Administrative case decisions issued eclipsed the number of hearings, representing a clearing of some of the backlog of pending decisions post-hearing. This backlog grew in 2010 when the assigned caseload increased by 44% but the number of ALJ’s assigned remained fixed. If the caseloads continue at current levels through 2014-15 the backlog could be reduced or eliminated and processing times for cases could thereafter come down.
For municipalities with represented bargaining units, these statistics indicate the following for the upcoming year:
- Efforts toward obtaining injunctive relief from PERB are rarely successful and are likely better dealt with at Superior Court rather than administratively as part of Labor Relations.
- While MMBA fact-finding has cooled, there are insufficient years of data to determine what the typical filing volume will be over the long term. This, combined with the large number of short MOU terms and extensions over the past several years means that reliable predictions about whether fact-finding is likely at impasse are difficult to make. Agencies should consider that continuation of shorter-term “status quo” MOU’s and extensions would tend to increase the exposure to fact-finding while financial pressure to grant increases in compensation mounts following the recession years 2009-2013. Agencies should adjust the planning for future negotiations and begin preparations between 180 and 150 days prior to the anticipated start date of negotiations.
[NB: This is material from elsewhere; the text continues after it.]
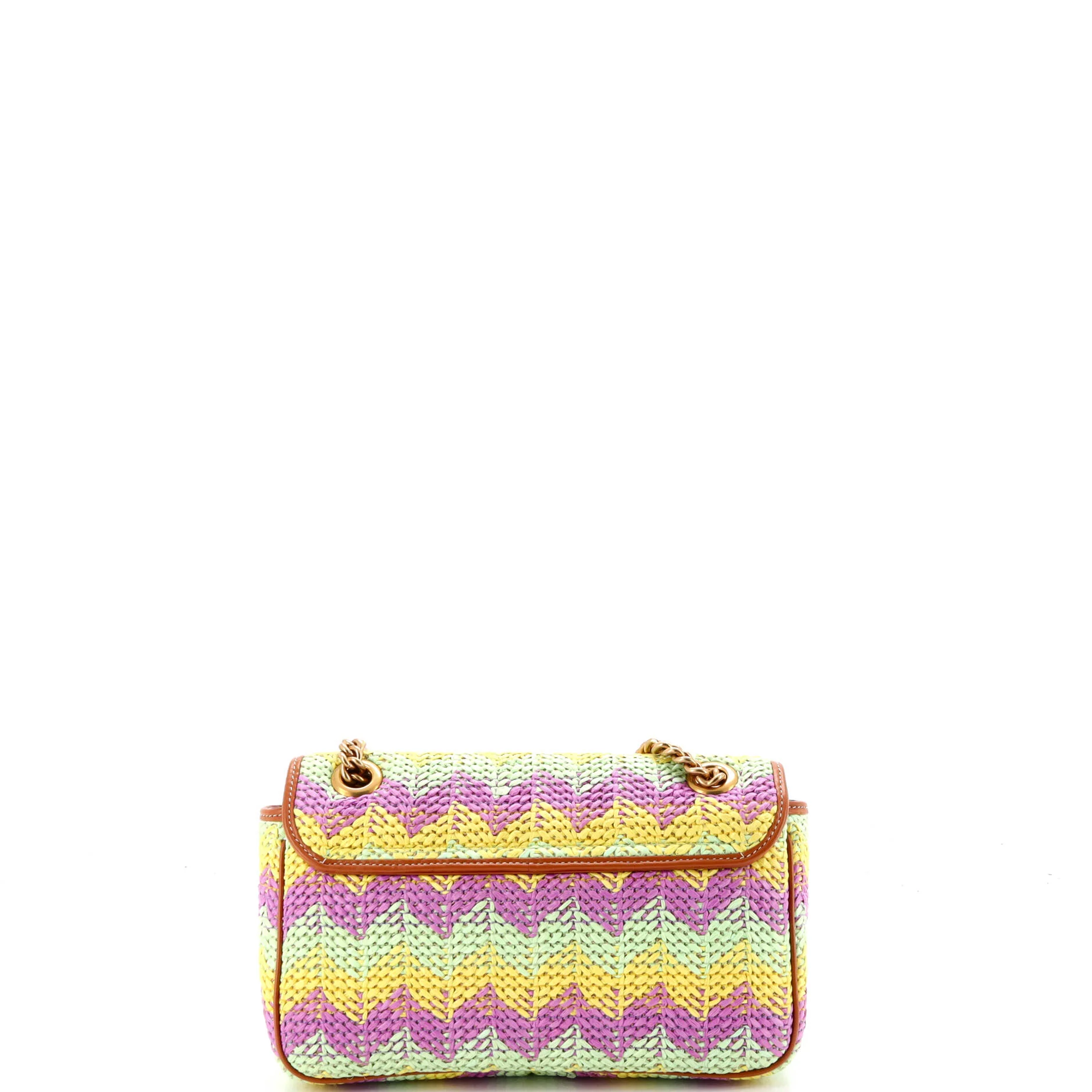 GG Marmont Flap Bag Woven Raffia Small - Image 3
- Case processing times for unfair practice charges should not be expected to shrink in the coming year. That means that in the event a charge is filed, Agencies should not expect a decision on whether this results in a complaint from PERB for several months after the filing date. This, of course does not alleviate the requirement that once notified of a charge, clients should notify counsel as soon as possible, sign appropriate designation of representative forms, and consider whether to provide information responsive to the charge within the applicable time period and prior to a complaint issuing.